Thursday, February 16

Mess

There's too much going on in life right now. I'm afraid they will just dawn on me one of these days and tear me apart. One by one, things just start to crumble right infront of me. Things were on shaky ground in the beginning and then they start to mend and for once, I can breath without a nagging feeling at the back of my mind but now they're back and somehow got bigger.

I admit that I'm trying to run away from a few problems of mine, but an immature girl could only take so much. I solved a few, and bigger problems creeped their way into my life. I cried but tears have no healing powers that I needed, I screamed but shouts will never soothe the rage inside me and silence did nothing but kill me softly.

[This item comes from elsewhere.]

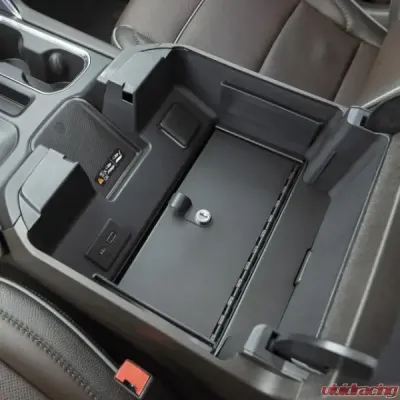 Tuffy Security Console Safe w/ Wireless Charging Pad & Standard Key Lock Black Chevrolet Silverado | GMC Sierra 2021-2024 - 393-01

My problems to an outsider would be nothing but a bunch of craps yet the weight of it all is for me to bare and not yours. Please don't make any shitty assumptions of any actions that I took, not when you know nothing of it all. I'm not trying to make you understand nor approve any of my doings, I just need you to have my back and to hold me when I needed you the most.

I guess this is life with it's ups and downs. I want things to get better, no, I need them to. I'm honestly tired and drained with all these things going on and I just need my quiet, peaceful life back. It's not that I'm reluctant to share my problems with people but others already have their own to solve and pushing mine to them would just be... irresponsible and not to mention that I'm nowhere near ready to pour my heart out. Sigh, I'm such a mess.